Carmelita Kubota lives in Canyon Lake much of the year, but she also calls Japan home during the summer.
In the first two weeks after arriving in Japan at the end of May, she helped coordinate a visit by a Rotary Club from Manila, Philippines, with a Rotary Club in Japan. Carmelita has played a major role in strengthening the friendship between the two clubs since 1984.
Next up on her itinerary was her niece’s wedding, where she was the guest speaker for the reception. Afterwards, the newlyweds took Carmelita, the bride’s mother and a friend of the mother to the luxurious Onsen Resort on Izu Peninsula.
Carmelita says, “In Japan, ‘onsen’ is a term for hot springs. As a volcanically active country, Japan has thousands of onsen scattered along its length and breadth. They traditionally were used as public bathing places and, today, they play a central role in directing Japanese domestic and international tourism, as well.”

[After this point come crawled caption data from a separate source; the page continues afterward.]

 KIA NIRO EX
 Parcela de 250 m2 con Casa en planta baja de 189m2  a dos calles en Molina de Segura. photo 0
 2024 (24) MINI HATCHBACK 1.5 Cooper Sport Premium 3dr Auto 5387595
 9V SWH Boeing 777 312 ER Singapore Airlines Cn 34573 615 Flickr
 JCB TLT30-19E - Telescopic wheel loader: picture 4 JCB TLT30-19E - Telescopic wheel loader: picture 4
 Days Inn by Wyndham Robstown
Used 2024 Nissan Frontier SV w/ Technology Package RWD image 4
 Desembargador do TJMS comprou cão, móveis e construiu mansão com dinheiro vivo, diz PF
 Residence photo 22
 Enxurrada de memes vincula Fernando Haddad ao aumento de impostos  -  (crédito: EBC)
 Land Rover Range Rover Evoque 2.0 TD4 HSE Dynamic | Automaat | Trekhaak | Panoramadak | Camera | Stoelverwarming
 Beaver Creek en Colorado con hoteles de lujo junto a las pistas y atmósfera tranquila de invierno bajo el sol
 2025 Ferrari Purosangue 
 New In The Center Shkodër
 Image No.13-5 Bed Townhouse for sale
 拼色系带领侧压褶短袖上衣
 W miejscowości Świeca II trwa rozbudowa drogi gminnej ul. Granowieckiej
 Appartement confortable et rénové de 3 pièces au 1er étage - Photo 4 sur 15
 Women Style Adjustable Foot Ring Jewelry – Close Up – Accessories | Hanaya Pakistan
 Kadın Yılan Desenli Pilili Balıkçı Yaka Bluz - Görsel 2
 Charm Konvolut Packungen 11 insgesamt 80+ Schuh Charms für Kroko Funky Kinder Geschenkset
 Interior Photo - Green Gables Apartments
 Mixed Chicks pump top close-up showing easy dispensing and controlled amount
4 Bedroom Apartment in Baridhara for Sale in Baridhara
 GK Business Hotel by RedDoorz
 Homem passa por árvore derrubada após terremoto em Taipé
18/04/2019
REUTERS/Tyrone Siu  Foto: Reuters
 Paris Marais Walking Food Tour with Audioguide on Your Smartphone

With Japan scheduled to host the 2020 Olympics, the Japanese government aims to make tourism a major industry for Japan by encouraging foreign travelers to visit places outside metropolitan areas.
“An onsen is the place to experience, and I am fortunate indeed to be pampered in a relaxing, hot soak overlooking the panoramic view of the Suruga Bay in the open air bath – or as they say in Japanese, ‘routemburo,’” says Carmelita.
She adds that, immediately following the calming soak, a meal “delicately prepared with artistry and taste” awaited the guests in the traditional Japanese dining room. It included several courses, mostly consisting of seafood.
Before arriving at the luxury onsen, some of the wedding guests stopped at a souvenir shop to purchase gifts for friends and loved ones. “In Japan, it is customary that when you travel, it is a warm tradition to bring back home souvenirs from the place you’ve been,” says Carmelita.
On their two-hour drive home, the group stopped off to view the iconic peak for which Japan is famous: Mt. Fuji.